Adsorption of Boron by Volcanic Ash Soils Distributed in Japan

Abstract

Core Ideas Boron adsorption increased from pH 5 to 8, peaked at pH 8 to 9, and decreased from pH 9 to 11. Boron adsorption followed a linear adsorption isotherm between 0.4 and 88.4 mg B L–1. Adsorption increased with increasing coexisting anion concentration and occurred via inner sphere complexes. Boron was adsorbed only by amorphous minerals such as allophane, imogolite, and ferrihydrite. Batch adsorption experiments with six volcanic ash soils from Japan were performed under various aqueous chemical conditions to elucidate boron adsorption mechanisms.
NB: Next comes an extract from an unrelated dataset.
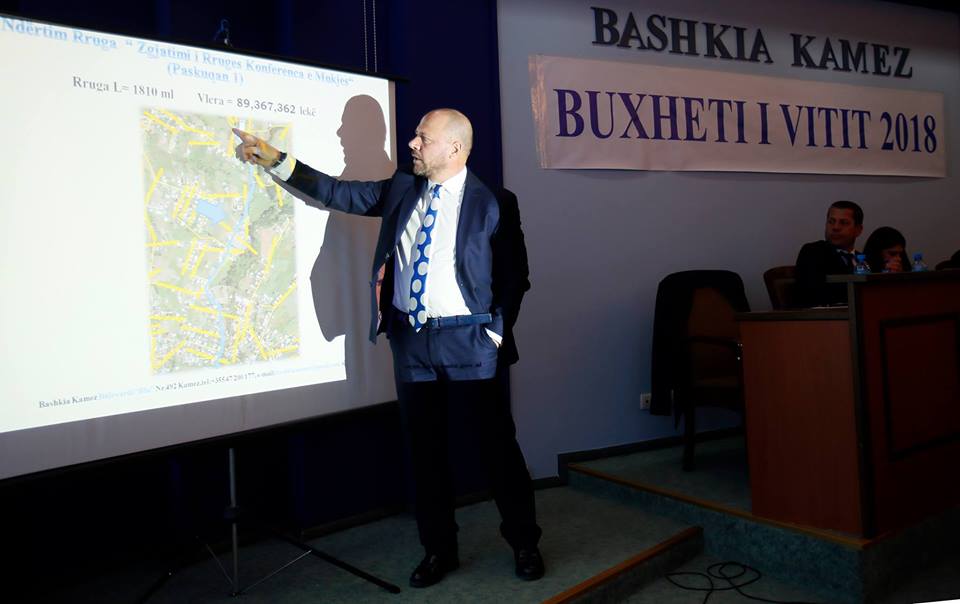 FOTO GALERI/ Kamëz, Buxheti i 2018, votë unanime nga këshilltarët e PD, PS dhe LSI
Boron adsorption increased between pH levels of 5 to 8, remained constant between pH levels of 8 and 9, and then decreased pH levels of 9 to 11. Boron adsorption was closely correlated with borate ion concentrations at pH < 8 and anion exchange capacity at pH > 9. Boron adsorption followed a linear adsorption isotherm between 0.4 and 88.4 mg B L–1. Boron adsorption was influenced by coexisting anion concentration; the greater the coexisting anion concentration, the greater concentration of boron adsorption. This trend suggests that boron adsorbed to the soil by forming inner sphere complexes. No statistically significant correlation coefficients at 95% confidence level were calculated between maximum boron adsorption and allophane, imogolite, ferrihydrite or organic carbon concentrations in the soils. However, multiple regression analysis had a high adjusted R2 value of 0.96 when allophane, imogolite and ferrihydrite concentrations were used to estimate maximum boron adsorption, suggesting these amorphous minerals are especially important for boron adsorption. In summary, these results confirm earlier work demonstrating the importance of amorphous minerals for boron adsorption and provided a statistical description of the relationship between these properties.